To address this problem, some jurisdictions, such as France, have adopted a burden-shifting approach. Under the relevant provisions of the French Criminal Code, officials have the burden to account for the lavish assets they have acquired once claims of corruption arise. A similar sort of burden-shifting takes place under so-called “illicit enrichment” or “unexplained wealth” statutes. Under such statutes, a government official can be criminally liable if the official has substantial assets that he or she cannot adequately explain. In other words, once the government proves that the corrupt official has assets grossly disproportionate to his or her official salary, the burden shifts to the defendant to prove that the assets have a legitimate origin. Many countries have adopted statutes of this sort. Moreover, some international anticorruption conventions, such as the Inter-American Convention Against Corruption (IACAC), expressly call for the adoption and enforcement of such laws.
The U.S. takes a different approach. The U.S. made this clear in filing a reservation to the IACAC’s illicit enrichment section (Article IX), in which it stated that the offense of illicit enrichment set forth in the convention “places the burden of proof on the defendant, which is inconsistent with the United States constitution and fundamental principles of the United States legal system.”
But is it always the case that the government bears the burden of proof in the U.S.? In fact, it is not. There are numerous examples of areas from U.S. criminal law where burdens are shifted from the government to the defendant.

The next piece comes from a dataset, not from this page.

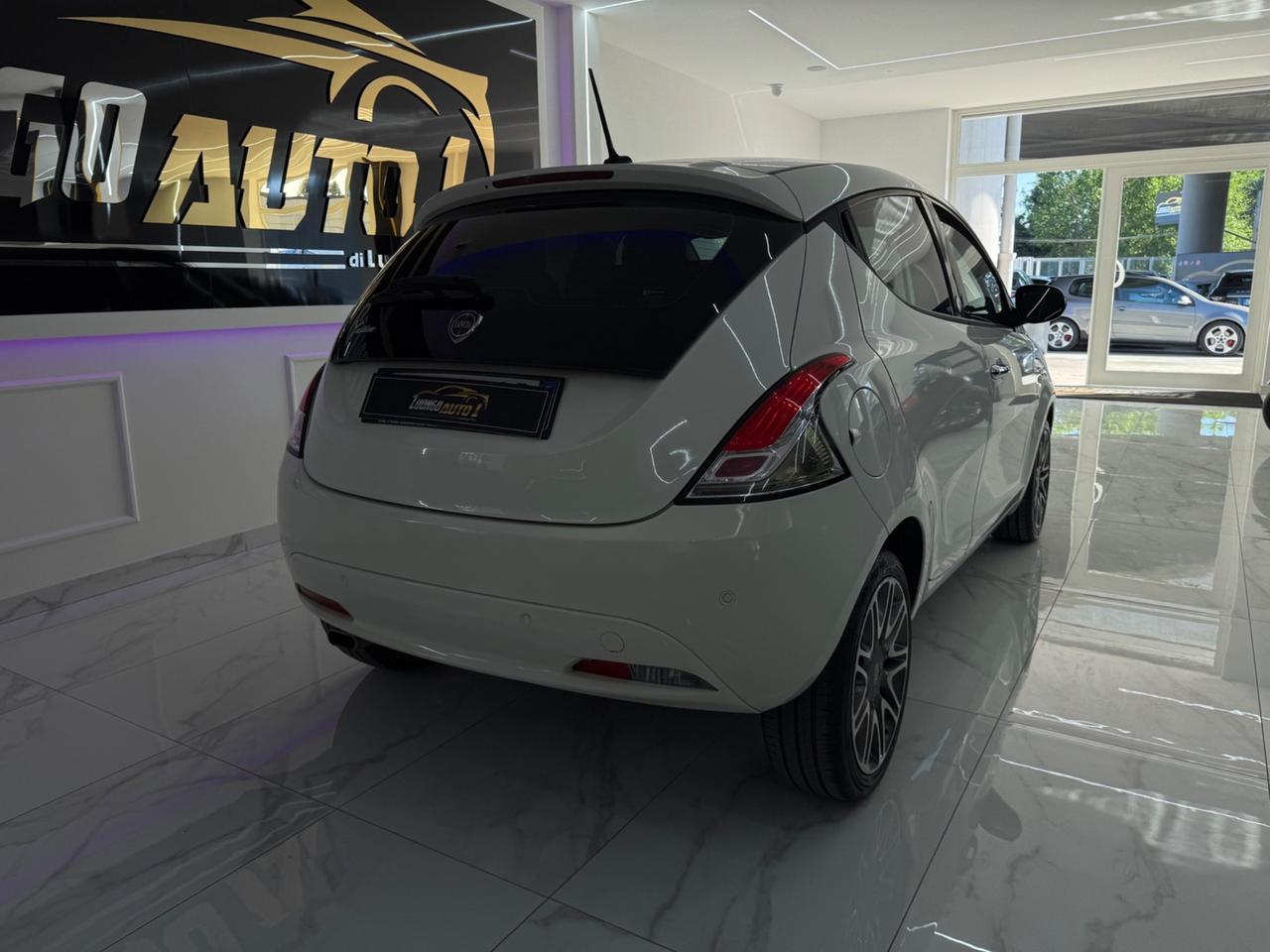 Lancia Ypsilon 1.2 GPL Ecochic Platinum Iper Full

The clearest way in which U.S. criminal law allows the shifting of the burden of proof to the defendant is illustrated by those statutes that allow for so-called “rebuttable presumptions” (sometimes called permissible inferences in criminal cases). Here, the law denotes some fact or set of facts as prima facie evidence of a certain element to a crime, and the burden of proof shifts to the defendant to rebut that element. Despite the baseline principle that the government is required to prove the elements of a crime beyond a reasonable doubt, U.S. criminal law sometimes allows for rebuttable presumptions. For example, the U.S. Supreme Court has upheld statutes that create a presumption that a person possessing recently stolen mail knows it was stolen, that presume that a defendant was operating an unlawful distillery based on the still’s location, and that create a presumption that a defendant possessing certain drugs knew they were imported. The most recent examples of rebuttable presumptions comes from stalking statutes, in which defendants are presumed to have acted intentionally if they continue nonconsensual contact after a formal request to stop (see here, here, here, here, here, here, and here). In all the above cases and or statutes, the creation of a rebuttable presumption shifts the burden of proof to the defendant for at least one element of an underlying crime. Such mechanisms would therefore seem inconsistent with the U.S. reservation to the IACAC’s illicit enrichment section.

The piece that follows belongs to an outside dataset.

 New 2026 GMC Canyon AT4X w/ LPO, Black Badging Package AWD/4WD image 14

In addition to the use of rebuttable presumptions, U.S. criminal law also often makes use of affirmative defenses, in which, after the prosecution makes out the basic elements of the offense, the burden shifts to the defendant to introduce evidence which, if found to be credible, will negate (or mitigate) criminal liability. (Examples of affirmative defenses where the burden falls on the defendant in many U.S. jurisdictions include the defenses of insanity, alibi, and discriminatory enforcement of the law.)

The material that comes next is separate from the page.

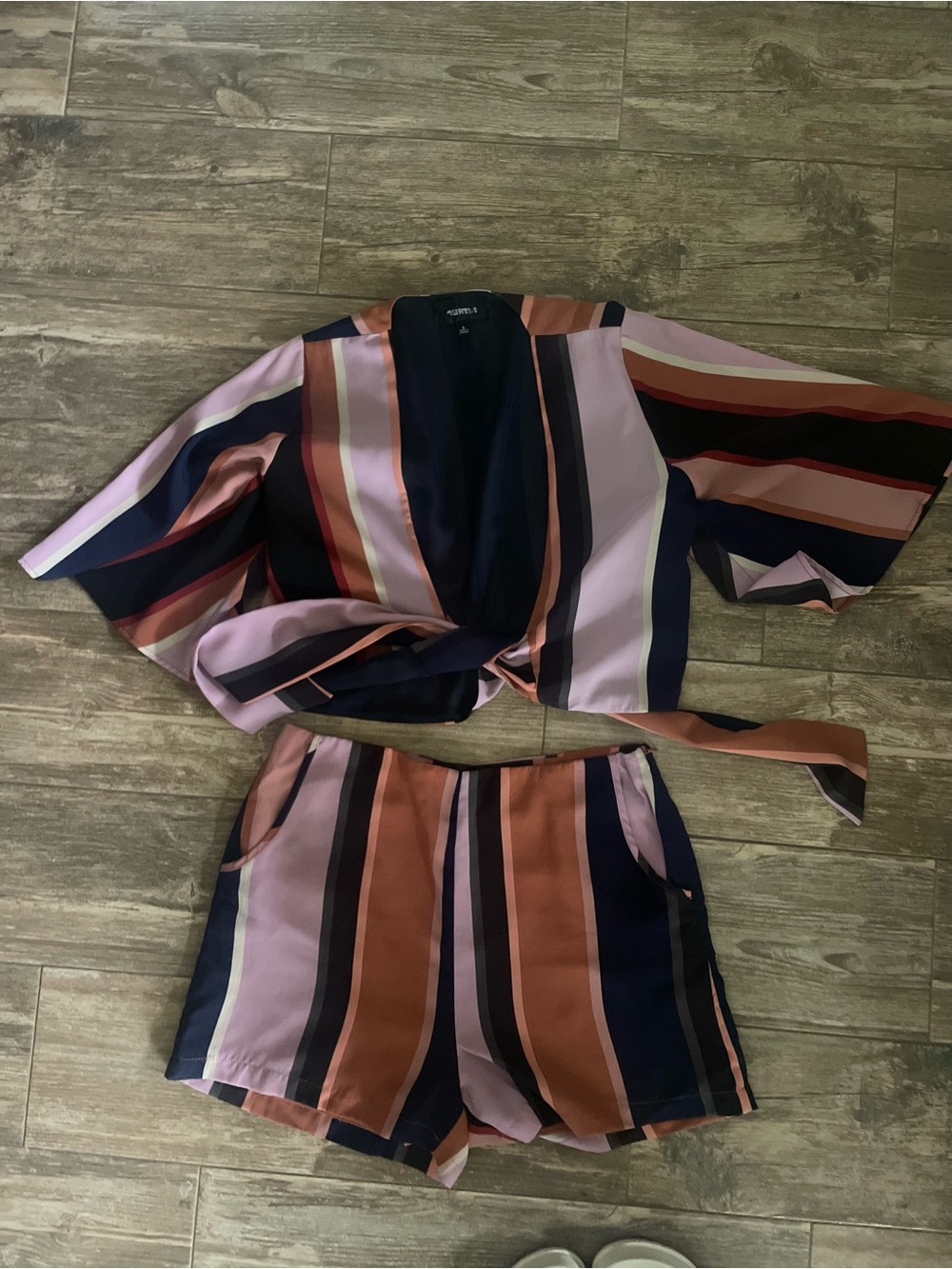 4SI3NNA Navy Pink Rust Striped Wrap Top and Shorts Set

This short review of rebuttable presumption and affirmative defense practices in the U.S. should certainly be cause for one to question the U.S.’s steadfast opposition to placing any burden upon the defendant in illicit enrichment cases. If the U.S. can shift burdens for those accused of stalking, drug possession, firearm possession, or those trying to present an insanity defense, a burden can certainly be shifted to a defendant who is skilled in the intricate use of shell companies and other means of disguising ownership. In fact, I would argue that such a burden shift is most appropriate in the later. I therefore conclude that the current U.S. asset forfeiture procedures should be reformed to incorporate a burden-shifting mechanism, and the U.S. should reconsider its objection to making illicit enrichment a criminal offense, as called for by the IACAC.